**TASK BRIEF**
For the entries below, repeat exactly each line starting with the one that contains "Foto van 1 Kingsize" and going on through the one that contains "Used 2026 White", and no others.

**INFORMATION GIVEN**
• • • • • • •

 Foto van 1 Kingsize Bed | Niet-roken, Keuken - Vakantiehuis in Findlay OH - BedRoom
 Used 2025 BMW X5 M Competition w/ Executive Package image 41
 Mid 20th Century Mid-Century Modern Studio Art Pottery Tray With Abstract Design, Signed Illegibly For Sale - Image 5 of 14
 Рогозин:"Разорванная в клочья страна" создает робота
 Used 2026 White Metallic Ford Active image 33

• • • • • • •

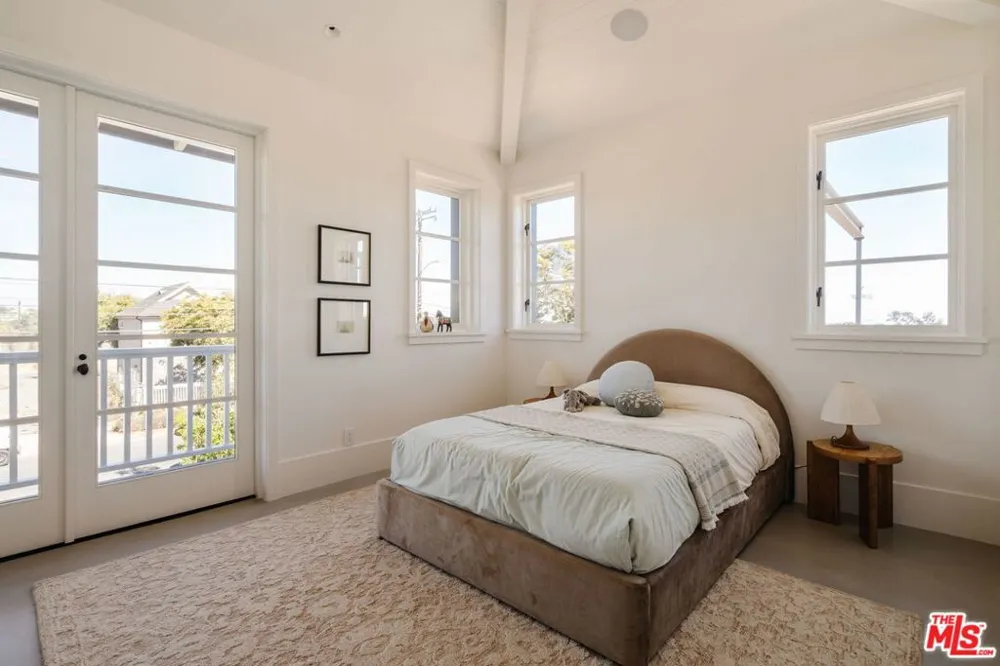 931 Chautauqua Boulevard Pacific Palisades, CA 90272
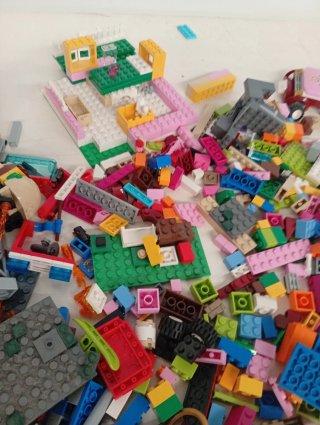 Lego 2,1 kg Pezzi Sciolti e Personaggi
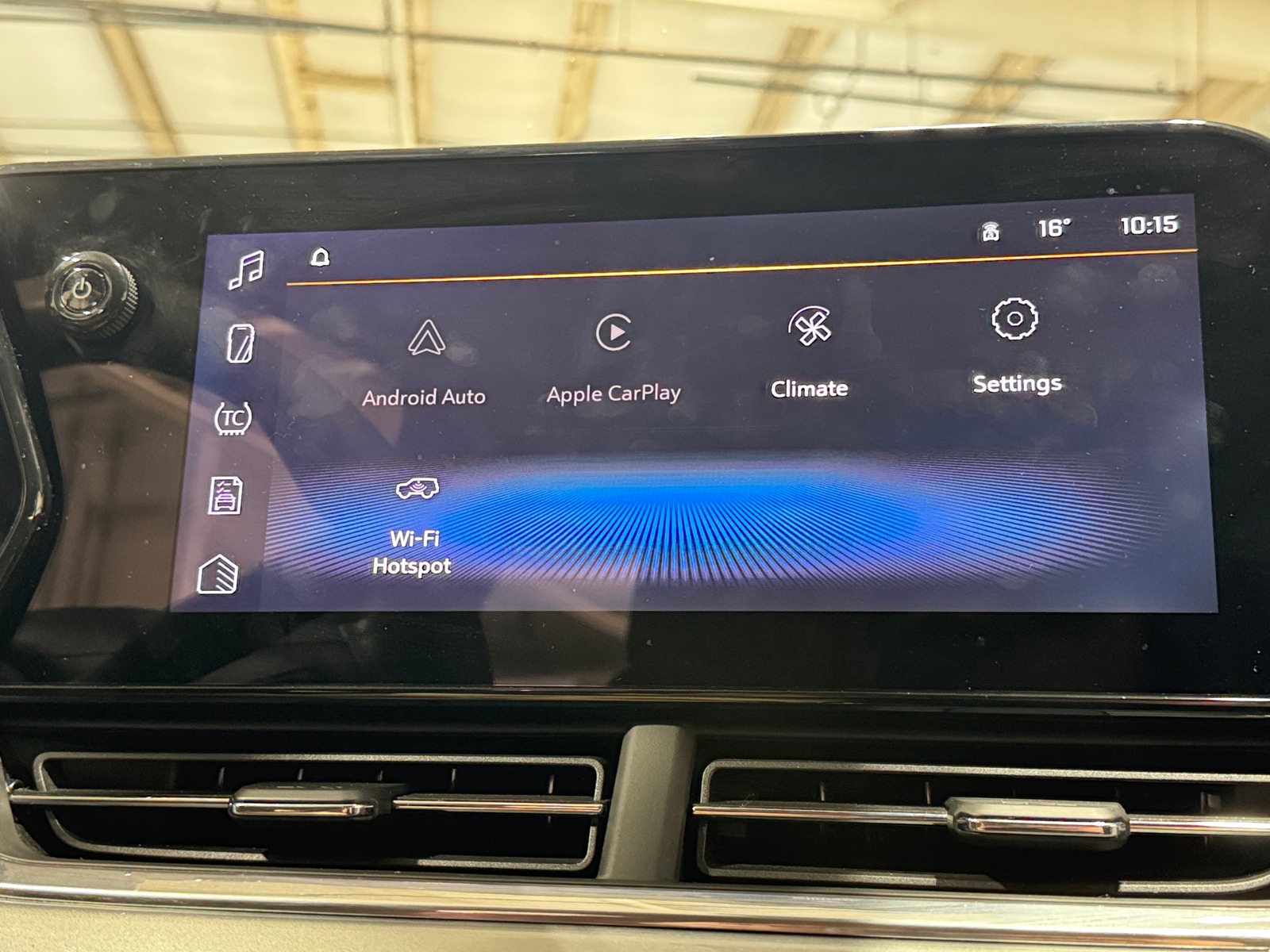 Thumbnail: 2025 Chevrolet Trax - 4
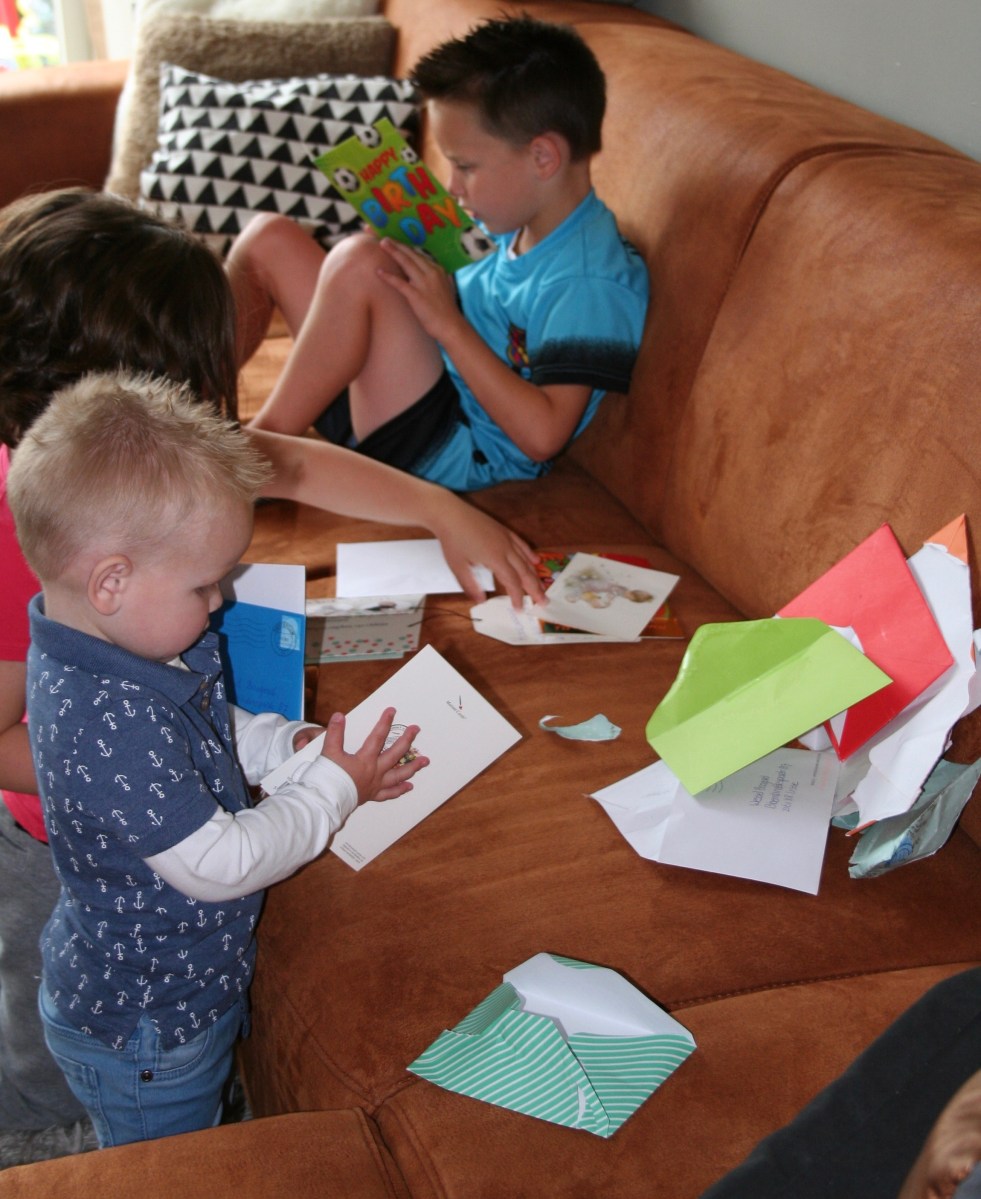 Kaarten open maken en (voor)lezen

• • • • • • •

**REPLY TO THE TASK**
 Foto van 1 Kingsize Bed | Niet-roken, Keuken - Vakantiehuis in Findlay OH - BedRoom
 Used 2025 BMW X5 M Competition w/ Executive Package image 41
 Mid 20th Century Mid-Century Modern Studio Art Pottery Tray With Abstract Design, Signed Illegibly For Sale - Image 5 of 14
 Рогозин:"Разорванная в клочья страна" создает робота
 Used 2026 White Metallic Ford Active image 33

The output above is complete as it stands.